Solid state imaging devices, e.g., CCD, CMOS, and others, include a lens or series of lenses to direct incoming light onto a focal plane array of pixels. Each one of the pixels includes a photosensor, for example, a photogate, photoconductor, or photodiode, overlying a substrate for accumulating photo-generated charge in an underlying portion of the substrate. The charge generated by the pixels in the pixel array is then read out and processed to form an image.
Lenses used to direct light onto a pixel array may cause an optical aberration known as field curvature. Field curvature is a simple lens aberration where the sharpest focus of the lens is on a curved surface, also known as a Petzval surface. Field curvature can be understood as a defocusing with field angle, (i.e., bundles of light having different chief ray angles will be focused at different distances from the lens).

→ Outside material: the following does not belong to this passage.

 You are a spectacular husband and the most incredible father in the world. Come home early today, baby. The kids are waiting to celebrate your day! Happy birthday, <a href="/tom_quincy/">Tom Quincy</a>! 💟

Therefore, objects in the center and edges of an image are never perfectly in focus simultaneously.
FIGS. 1A, 1B, and 1C are diagrams of a simple lens 100 focusing a bundle of light rays 140A, 140B, 140C (collectively referred to as “light rays 140”) onto a pixel array 130. Each of the bundles of light rays 140A, 140B, 140C, has a different chief ray angle CRA and are each optimally focused at a curved focal surface 120. However, since the pixel array 130 is a flat, (i.e., plano), surface, light rays 140B, 140C having larger chief ray angles CRA striking the edge of the pixel array 130 are more unfocused and will appear more blurry in a produced image. The captured image appears sharp and crisp in the center of the image, but is blurry at the edges.
What is needed is a system and method by which light rays are better focused onto a planar pixel array of an imaging device.